Posted by: DeAnander | Mar 4 2005 4:56 utc | 27

Blind Misery,
It will be interesting to see if Amtrak will be gutted, if so, it would in some sense serve as a proof of fact that this administrations national security efforts are more about creating a smoke screen (for a different domestic agenda)than maintaining the necessary redundancy if we are in fact “at war”. After 9-11, Amtrak took up substantial slack caused by the fear of flying as the secondary mode of national travel. So it’s a bit odd that this secondary mode of travel should be discarded so easily, while the administration is hell-bent on a generational war. What many do not understand, is that government has always played a major role in American rail traffic, through both massive land grants and severe regulation — passenger service has always been (until the Staggers Act in the 70’s) been mandated and regulated by the federal govt. After that Amtrak was created to fill the void in passenger service, but (except in the Boston/WashDC strip) maintained no trackage it owned, maintained, and operated to it’s own needs and thus was and is subject to the needs of the host RR trackage needs, and why you’re train must wait for the next freight to clear. So any expectations of Amtrak being “self sufficiant” is a total joke out of the gate, as if any major transportation system is self sufficiant in the first place, be it the highway system, air terminals, sea ports, you name (baseball stadiums) all financed % tax wise way beyond anything Amtrak could dream of relative to it’s importance.

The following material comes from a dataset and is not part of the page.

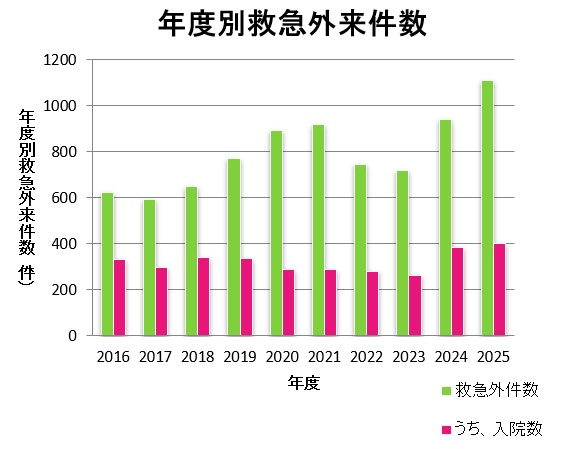 年度別救急外来件数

It’s not that America did’nt have the chance to own and develop it’s own national trackage system for an Amtrak like system. After the 70’s much trackage was simply abandoned, as either the result of the rampent consolidation or bankruptcy. Case in point the Milwaukee RR went bankrupt in the 70’s, was not merged or sold off and left trackage (parts even electrified with substations) from Seattle to Chicago, now one long bike trail.